Colorado members of Congress Betsy Markey and John Salazar visited Afghanistan last week to take a read on President Hamid Karzai, who has been under fire as a waffling ally at best and a traitor at worst. As analysts increasingly train their focus on the country’s engagement with Afghanistan, the American relationship with Karzai has grown volatile. Pres. Obama has been pressuring Karzai to retain foreign election fraud commissioners and to endorse the Kandahar offensive the U.S. is planning for later in the spring, but Karzai has been erratic, feeling undermined by Obama and America and seeming increasingly like an unraveling power-hungry dictator. Karzai said at the beginning of the month that if “foreign interference” in his government continues, he might join the Taliban as a legitimate force of resistance.
While Obama rightly applies pressure, American officials like Richard Holbrooke, special representative to Afghanistan and Pakistan, and lawmakers like Markey and Salazar have sought to lower the political temperature.
The two Colorado lawmakers left last week Wednesday and returned Monday. On a conference call with reporters Tuesday, Salazar said Karzai was “totally committed to working with America” and that he said his comments about joining the Taliban had been taken out of context.

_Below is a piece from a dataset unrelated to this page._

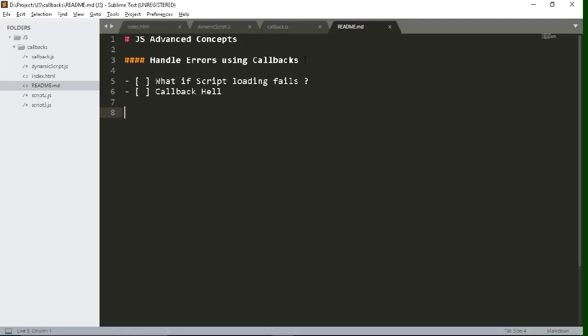Hello everyone, in this video we will learn how we can handle errors using callbacks. If you haven't watched my previous video, please do watch it.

On the right, Sarah Palin and Liz Cheney have predictably chided the Obama administration for pressuring Karzai. At the Southern Republican Leadership Conference in New Orleans, Cheney acted as though there were no difference between Karzai and Tony Blair.
“Karzai is being treated to an especially dangerous and juvenile display from this White House. They dress him down publicly almost daily and refuse to even say that he is an ally.”

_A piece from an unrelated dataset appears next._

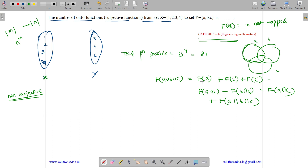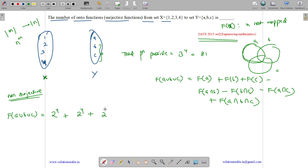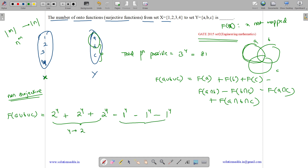F(A) means A is not mapped, so 4 items map to 2 choices — that is 2 raised to the power 4 = 16. Similarly, F(B) = 2^4 = 16, and F(C) = 2^4 = 16. For A and B not mapped, 4 items map to just 1 item (C), giving 1^4 = 1. Similarly, F(B∩C) = 1^4 = 1, and F(A∩C) = 1^4 = 1.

The conflict in Afghanistan is proving an unpredictable and increasingly problematic issue for the administration. This week, the document-release organization Wikileaks is preparing to release video the military has attempted to conceal of a U.S. air strike on a tanker that reportedly killed nearly a hundred Afghan civilians.

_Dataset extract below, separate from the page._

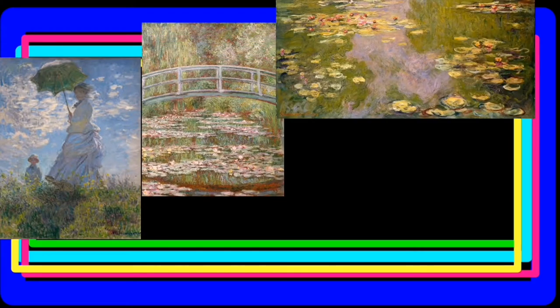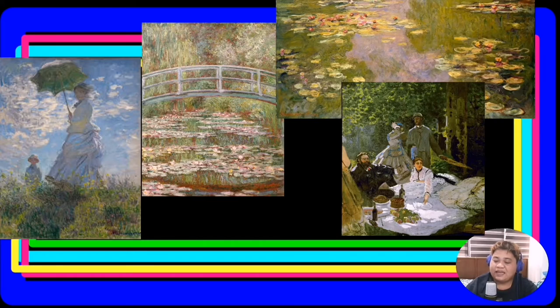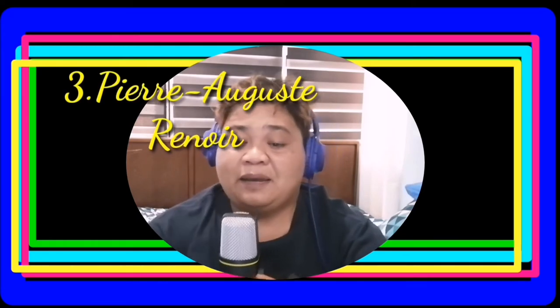I am sharing the paintings with you now. Kindly observe this picture or painting very well. Number three is Auguste Renoir. He applied a more disciplined formal technique to portraits of actual people and figure paintings. He was one of the central figures of the Impressionist movement, where his early works were snapshots of real life.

Colorado Congressman Jared Polis has been a steady critic of U.S. policy in the country. In March he championed the Afghanistan War Powers Resolution introduced by Ohio Democrat Dennis Kucinich. On the floor of the House, Polis argued against continued occupation and troop surges. He said the threat to America has always been the ongoing existence of al Qaeda and that we are wasting resources in occupying Afghanistan and Iraq instead of rooting out al Qaeda, “a stateless menace,” with focused special operations. He said then that there may be as few as 50 al Qaeda operatives in all of Afghanistan.